The "jit-diff list" command has this help message:

    $ jit-diff list --help
    usage: jit-diff list [-v]

        -v, --verbose    Enable verbose output

The "jit-diff install" command has this help message:

    $ jit-diff install --help
    usage: jit-diff install [-j <arg>] [-n <arg>] [-b <arg>] [-v]

        -j, --job <arg>          Name of the job.
        -n, --number <arg>       Job number.
        -b, --branch <arg>       Name of branch.
        -v, --verbose            Enable verbose output

The "jit-diff uninstall" command has this help message:

    $ jit-diff uninstall --help
    usage: jit-diff uninstall [-t <arg>]

        -t, --tag <arg>    Name of tool tag in config file.

Examples of generating diffs

The tool needs to know:

  • Which base and diff JIT and crossgen or corerun to use.
  • Which assemblies to generate dasm for.
  • Where to put the generated dasm.
  • Whether or not you want diffs for prejitted code (default) or jitted code (via --pmi)

These can all be specified explicitly.
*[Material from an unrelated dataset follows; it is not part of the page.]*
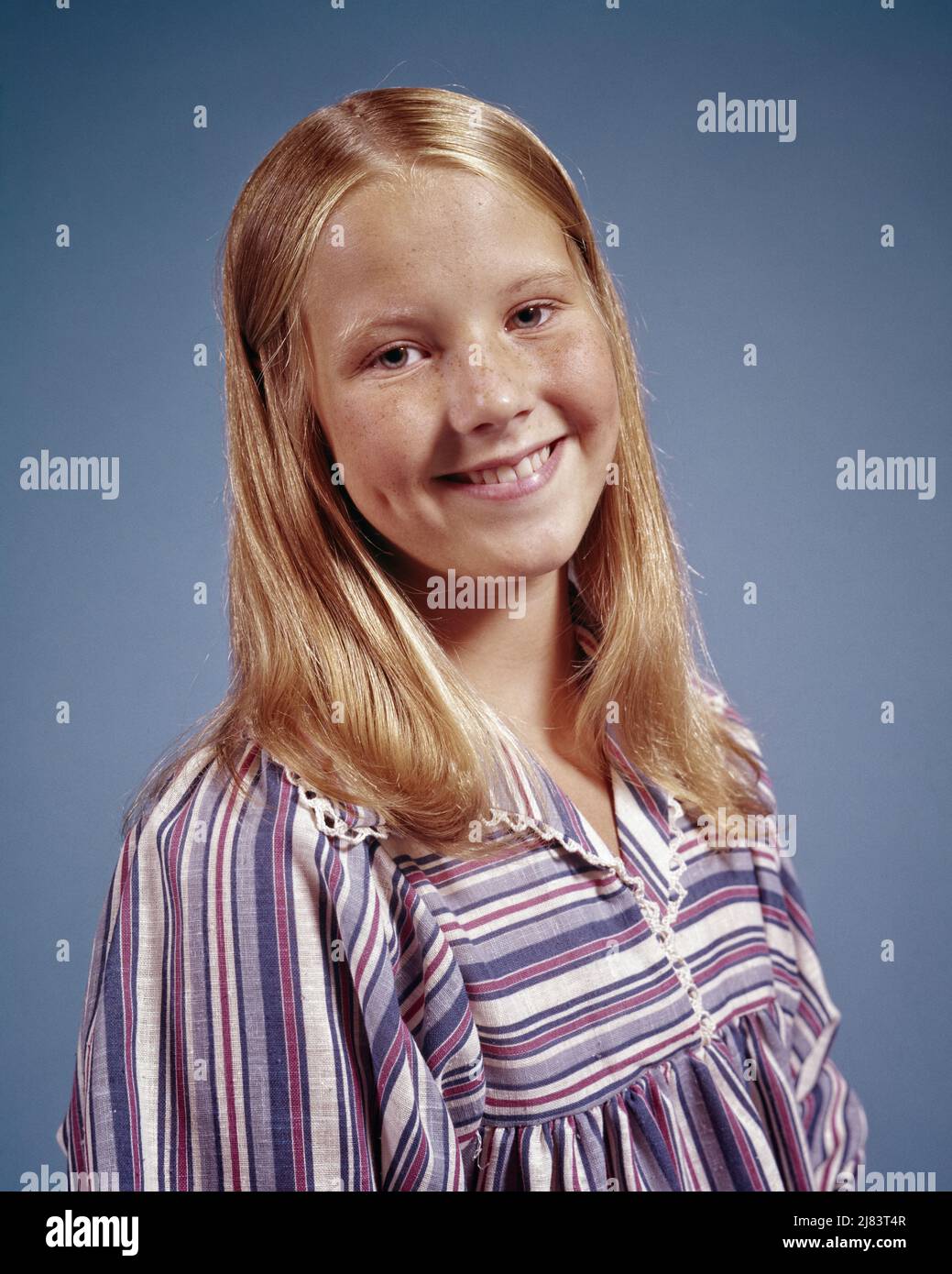 1970s PORTRAIT BLONDE SMILING TEENAGE GIRL WEARING BLUE WHITE STRIPED TOP LOOKING AT CAMERA - kj6503 HAR001 HARS WINNING STUDIO SHOT HEALTHINESS HOME LIFE COPY SPACE PERSONS TEENAGE GIRL FRECKLES CONFIDENCE EYE CONTACT HAPPINESS HEAD AND SHOULDERS CHEERFUL DIMPLES SMILES JOYFUL STYLISH TEENAGED PLEASANT AGREEABLE CHARMING GROWTH JUVENILES LOVABLE PLEASING ADORABLE APPEALING CAUCASIAN ETHNICITY HAR001 OLD FASHIONED Stock Photo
For example:

    c:\coreclr> jit-diff diff --output c:\diffs --corelib --core_root c:\coreclr\bin\tests\windows.x64.release\Tests\Core_Root --base e:\coreclr2\bin\Product\windows.x64.checked --diff c:\coreclr\bin\Product\windows.x64.checked --crossgen c:\coreclr\bin\Product\windows.x64.release

Explanation:

  1. --output c:\diffs -- specify the root directory where diffs will be placed.
  2. --corelib -- generate diffs using System.Private.CoreLib.dll.
  3. --core_root -- specify the CORE_ROOT directory (the "test layout"). Used to specify to crossgen where the platform assemblies are. Also, used as the directory where framework assemblies such as System.Runtime.dll can be found for the purpose of using them to generate dasm.
  4. --base -- specify the directory in which a baseline JIT can be found.
  5. --diff -- specify the directory in which a diff (experimental) JIT can be found.
  6. --crossgen -- specify the crossgen.exe or crossgen2.exe to use. Note that this must match the build flavor of --core_root.

You create the CORE_ROOT directory "layout" by running the runtest script. On Windows, this can be created by running the following in the dotnet/coreclr repo root.

    c:\coreclr> tests\runtest.cmd

or

    c:\coreclr> tests\runtest.cmd GenerateLayoutOnly

On non-Windows, consult the test instructions here. Note that you can pass --testDir=NONE to runtest.sh to get the same effect as passing GenerateLayoutOnly to runtest.cmd on Windows.

The above jit-diff command will generate both baseline and diff asm code into the specified output directory. It will automatically create a unique named subdirectory (if the --tag switch isn't specified to override the default name), and within that subdirectory will be "base" and "diff" directories, containing the diffs. The default subdirectory name looks like dasmset_12, with a unique number for every run of jit-diff.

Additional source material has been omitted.